Monday, 25 March 2013

Stretching myself

Well, I never thought I'd see the day when I'd be one of Spot's 50 acts. I also never thought I'd led a meditative/reflective Holy week service. Partly because this time last year I wouldn't have had the confidence to try something as different as the service I led last night (both for the congregation and me) and partly I didn't think I would be 'allowed' to try. But, in many ways, that's the point of these placements - to learn, to be stretched, to do things outwith my comfort zone and to try different things while there's someone around to pick up the pieces if necessary.

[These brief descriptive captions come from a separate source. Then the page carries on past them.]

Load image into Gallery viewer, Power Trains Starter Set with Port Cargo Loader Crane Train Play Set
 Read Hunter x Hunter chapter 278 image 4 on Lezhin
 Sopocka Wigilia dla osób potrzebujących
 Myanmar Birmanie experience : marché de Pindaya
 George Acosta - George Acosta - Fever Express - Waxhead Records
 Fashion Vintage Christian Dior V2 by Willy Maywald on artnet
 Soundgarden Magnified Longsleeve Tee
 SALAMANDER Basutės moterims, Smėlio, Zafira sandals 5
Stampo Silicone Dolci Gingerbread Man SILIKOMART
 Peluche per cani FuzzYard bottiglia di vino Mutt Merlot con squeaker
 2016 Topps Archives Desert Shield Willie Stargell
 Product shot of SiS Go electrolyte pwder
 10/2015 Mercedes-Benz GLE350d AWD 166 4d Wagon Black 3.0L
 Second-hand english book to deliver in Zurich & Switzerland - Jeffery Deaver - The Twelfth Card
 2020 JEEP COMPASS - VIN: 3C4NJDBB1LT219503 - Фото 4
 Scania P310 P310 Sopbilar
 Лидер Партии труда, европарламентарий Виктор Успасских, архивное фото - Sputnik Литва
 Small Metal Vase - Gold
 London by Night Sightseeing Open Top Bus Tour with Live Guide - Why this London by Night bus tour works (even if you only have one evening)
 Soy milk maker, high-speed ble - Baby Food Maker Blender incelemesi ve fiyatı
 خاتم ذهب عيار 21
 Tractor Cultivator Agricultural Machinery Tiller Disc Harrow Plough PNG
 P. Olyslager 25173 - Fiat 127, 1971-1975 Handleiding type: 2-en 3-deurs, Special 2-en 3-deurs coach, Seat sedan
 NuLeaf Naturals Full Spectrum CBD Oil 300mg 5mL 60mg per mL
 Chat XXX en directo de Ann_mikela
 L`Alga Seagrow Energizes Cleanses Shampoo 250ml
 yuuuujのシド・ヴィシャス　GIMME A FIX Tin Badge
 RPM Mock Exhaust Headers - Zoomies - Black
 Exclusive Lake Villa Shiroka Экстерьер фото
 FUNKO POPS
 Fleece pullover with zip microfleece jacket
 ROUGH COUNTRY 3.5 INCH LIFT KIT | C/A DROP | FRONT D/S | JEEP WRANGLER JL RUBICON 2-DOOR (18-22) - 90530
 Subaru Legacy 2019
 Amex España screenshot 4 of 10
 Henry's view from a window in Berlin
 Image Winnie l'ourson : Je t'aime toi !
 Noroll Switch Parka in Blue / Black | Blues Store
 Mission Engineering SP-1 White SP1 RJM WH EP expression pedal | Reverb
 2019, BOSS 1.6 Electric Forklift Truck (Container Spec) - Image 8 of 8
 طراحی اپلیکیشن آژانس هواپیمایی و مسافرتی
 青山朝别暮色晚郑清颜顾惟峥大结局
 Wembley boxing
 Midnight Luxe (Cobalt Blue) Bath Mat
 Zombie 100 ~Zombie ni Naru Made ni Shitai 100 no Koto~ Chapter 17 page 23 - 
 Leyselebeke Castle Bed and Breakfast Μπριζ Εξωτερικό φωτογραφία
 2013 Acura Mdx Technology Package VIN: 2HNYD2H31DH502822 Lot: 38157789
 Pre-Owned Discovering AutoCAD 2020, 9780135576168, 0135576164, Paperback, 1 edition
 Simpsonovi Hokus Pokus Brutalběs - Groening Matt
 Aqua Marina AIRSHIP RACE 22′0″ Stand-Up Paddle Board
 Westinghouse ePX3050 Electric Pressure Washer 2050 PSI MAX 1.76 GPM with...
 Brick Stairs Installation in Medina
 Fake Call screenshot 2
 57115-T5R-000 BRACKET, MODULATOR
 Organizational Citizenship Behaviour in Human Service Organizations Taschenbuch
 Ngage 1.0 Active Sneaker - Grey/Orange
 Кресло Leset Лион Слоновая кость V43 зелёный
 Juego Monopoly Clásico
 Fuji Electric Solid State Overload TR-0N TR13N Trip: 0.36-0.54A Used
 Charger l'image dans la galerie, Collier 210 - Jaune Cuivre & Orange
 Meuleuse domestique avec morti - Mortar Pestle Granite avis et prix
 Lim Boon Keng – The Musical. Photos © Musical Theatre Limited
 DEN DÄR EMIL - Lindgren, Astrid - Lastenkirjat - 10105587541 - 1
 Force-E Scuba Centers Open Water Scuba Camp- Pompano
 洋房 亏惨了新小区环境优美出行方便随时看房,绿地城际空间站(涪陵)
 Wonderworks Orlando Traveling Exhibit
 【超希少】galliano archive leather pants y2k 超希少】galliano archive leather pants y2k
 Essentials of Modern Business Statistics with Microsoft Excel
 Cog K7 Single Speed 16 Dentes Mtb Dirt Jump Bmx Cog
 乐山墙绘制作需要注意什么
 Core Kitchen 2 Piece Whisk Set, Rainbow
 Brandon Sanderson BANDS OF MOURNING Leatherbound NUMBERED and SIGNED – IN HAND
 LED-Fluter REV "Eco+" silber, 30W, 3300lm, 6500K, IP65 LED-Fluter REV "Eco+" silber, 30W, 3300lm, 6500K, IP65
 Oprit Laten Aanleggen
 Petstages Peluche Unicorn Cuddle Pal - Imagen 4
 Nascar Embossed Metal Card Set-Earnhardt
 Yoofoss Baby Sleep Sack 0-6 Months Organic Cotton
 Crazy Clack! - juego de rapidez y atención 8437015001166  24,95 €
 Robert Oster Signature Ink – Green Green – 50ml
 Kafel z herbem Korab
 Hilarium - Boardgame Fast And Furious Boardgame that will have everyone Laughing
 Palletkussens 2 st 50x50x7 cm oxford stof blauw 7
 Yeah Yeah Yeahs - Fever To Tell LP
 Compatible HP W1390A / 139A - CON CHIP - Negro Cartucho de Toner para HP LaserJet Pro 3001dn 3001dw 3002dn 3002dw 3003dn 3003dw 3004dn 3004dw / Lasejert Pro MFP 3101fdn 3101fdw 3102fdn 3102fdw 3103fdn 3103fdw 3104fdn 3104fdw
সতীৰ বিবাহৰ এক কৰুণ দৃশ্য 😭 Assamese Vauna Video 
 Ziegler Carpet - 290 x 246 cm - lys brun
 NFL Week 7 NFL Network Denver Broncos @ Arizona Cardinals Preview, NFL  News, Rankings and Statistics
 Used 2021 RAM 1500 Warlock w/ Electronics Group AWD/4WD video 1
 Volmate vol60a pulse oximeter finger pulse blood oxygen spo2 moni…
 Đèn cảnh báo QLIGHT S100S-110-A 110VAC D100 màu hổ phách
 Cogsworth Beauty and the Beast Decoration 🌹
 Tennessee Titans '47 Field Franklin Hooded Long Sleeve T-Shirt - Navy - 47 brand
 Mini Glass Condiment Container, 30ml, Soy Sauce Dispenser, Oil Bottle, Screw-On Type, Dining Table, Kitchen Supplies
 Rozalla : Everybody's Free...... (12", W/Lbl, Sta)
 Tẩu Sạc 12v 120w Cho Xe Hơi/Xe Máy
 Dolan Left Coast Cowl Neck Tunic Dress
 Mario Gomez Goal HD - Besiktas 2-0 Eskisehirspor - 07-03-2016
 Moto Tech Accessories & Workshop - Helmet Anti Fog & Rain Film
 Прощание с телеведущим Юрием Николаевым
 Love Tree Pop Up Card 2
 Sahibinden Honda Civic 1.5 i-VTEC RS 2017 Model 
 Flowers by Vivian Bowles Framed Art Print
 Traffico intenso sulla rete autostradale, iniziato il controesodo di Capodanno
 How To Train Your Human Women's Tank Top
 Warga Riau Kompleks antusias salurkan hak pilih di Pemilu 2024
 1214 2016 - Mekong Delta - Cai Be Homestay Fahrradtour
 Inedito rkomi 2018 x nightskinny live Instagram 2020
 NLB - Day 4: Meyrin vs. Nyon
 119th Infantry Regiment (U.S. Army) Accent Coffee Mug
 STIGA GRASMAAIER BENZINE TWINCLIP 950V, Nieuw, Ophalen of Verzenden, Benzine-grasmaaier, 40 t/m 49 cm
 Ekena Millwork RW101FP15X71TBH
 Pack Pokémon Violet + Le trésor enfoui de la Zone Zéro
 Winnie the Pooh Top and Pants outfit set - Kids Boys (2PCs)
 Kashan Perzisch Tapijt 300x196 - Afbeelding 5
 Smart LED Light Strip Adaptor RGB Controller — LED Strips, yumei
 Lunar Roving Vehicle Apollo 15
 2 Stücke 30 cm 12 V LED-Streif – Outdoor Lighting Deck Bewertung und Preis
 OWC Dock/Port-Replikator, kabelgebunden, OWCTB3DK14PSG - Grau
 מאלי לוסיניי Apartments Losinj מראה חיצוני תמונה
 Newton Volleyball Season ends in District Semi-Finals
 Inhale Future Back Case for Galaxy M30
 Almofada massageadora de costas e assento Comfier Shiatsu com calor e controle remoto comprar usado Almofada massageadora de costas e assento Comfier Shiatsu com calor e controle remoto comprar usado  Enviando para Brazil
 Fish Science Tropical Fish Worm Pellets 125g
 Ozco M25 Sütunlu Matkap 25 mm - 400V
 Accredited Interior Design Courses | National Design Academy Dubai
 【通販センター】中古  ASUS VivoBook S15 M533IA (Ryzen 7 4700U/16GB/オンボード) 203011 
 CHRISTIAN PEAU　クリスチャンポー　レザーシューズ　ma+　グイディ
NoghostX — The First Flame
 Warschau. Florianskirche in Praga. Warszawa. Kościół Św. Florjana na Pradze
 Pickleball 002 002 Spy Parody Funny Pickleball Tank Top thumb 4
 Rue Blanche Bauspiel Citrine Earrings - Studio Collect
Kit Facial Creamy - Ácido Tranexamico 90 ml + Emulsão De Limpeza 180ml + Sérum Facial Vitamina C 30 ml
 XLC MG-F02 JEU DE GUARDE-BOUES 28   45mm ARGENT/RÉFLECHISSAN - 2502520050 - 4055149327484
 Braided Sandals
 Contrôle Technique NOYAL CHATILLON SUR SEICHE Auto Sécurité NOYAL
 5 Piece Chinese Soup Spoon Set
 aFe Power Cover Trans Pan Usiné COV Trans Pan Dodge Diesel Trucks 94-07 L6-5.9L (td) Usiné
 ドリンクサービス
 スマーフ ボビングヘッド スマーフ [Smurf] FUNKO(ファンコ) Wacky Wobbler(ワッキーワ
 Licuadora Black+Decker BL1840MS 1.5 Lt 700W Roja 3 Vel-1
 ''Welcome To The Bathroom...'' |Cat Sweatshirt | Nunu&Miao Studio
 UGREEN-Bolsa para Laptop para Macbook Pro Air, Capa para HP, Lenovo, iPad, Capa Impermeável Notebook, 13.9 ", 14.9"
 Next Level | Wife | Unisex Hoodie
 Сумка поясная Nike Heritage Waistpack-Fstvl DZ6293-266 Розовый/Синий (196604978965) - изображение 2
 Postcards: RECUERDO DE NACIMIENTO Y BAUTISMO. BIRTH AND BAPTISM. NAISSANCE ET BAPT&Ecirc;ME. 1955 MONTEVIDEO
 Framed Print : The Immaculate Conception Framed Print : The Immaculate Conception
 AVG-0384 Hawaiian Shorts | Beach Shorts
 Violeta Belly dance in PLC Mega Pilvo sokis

So, what did I do? Following the idea I 'acquired' from a colleague, I led the evening service congregation at Caledonia Kirk through Holy Week, from the prospective of the female followers of Jesus on Easter Saturday. Opening with prayer and using Mark's passion narrative as a back drop (for want of a better phrase) I talked about the context and feelings the women may have had as they mourned the death of Jesus.

I introduced this to the congregation with the rational that without working through the events of Holy Week, it's easy to go from the celebration of Palm Sunday to the celebration  of the resurrection, without the context of the rest of Holy Week. I also warned them that the service would be peppered with bible readings (and where I was beginning), but that they would be unannounced.

Along with my story telling and the passages from Mark's gospel, I interspersed the service with music taken from the real world (or, as they like to call it at Caledonia Kirk, the secular world - as an aside, as Spot and I were travelling to the service, we realised all the artists had a church music background to some extent). The music was to reflect some of the feelings the disciples on Easter Saturday may have felt about the week's events. Just think about the words to Johnny Cash's version of "Hurt" from that prospective:

"I wear this crown of thorns upon my liar's chair" and

"everyone I love goes away in the end"

Watching the reaction of those gathered as the music played or I told the story was interesting. Somehow, in a bog standard church hall I had managed to create an atmosphere. The only thing which was different in terms of the set up was the chairs were in a circle, rather than rows. The lighting etc was the same. But maybe just the change in seating can make a difference, as we were all sitting together and I was part of the group.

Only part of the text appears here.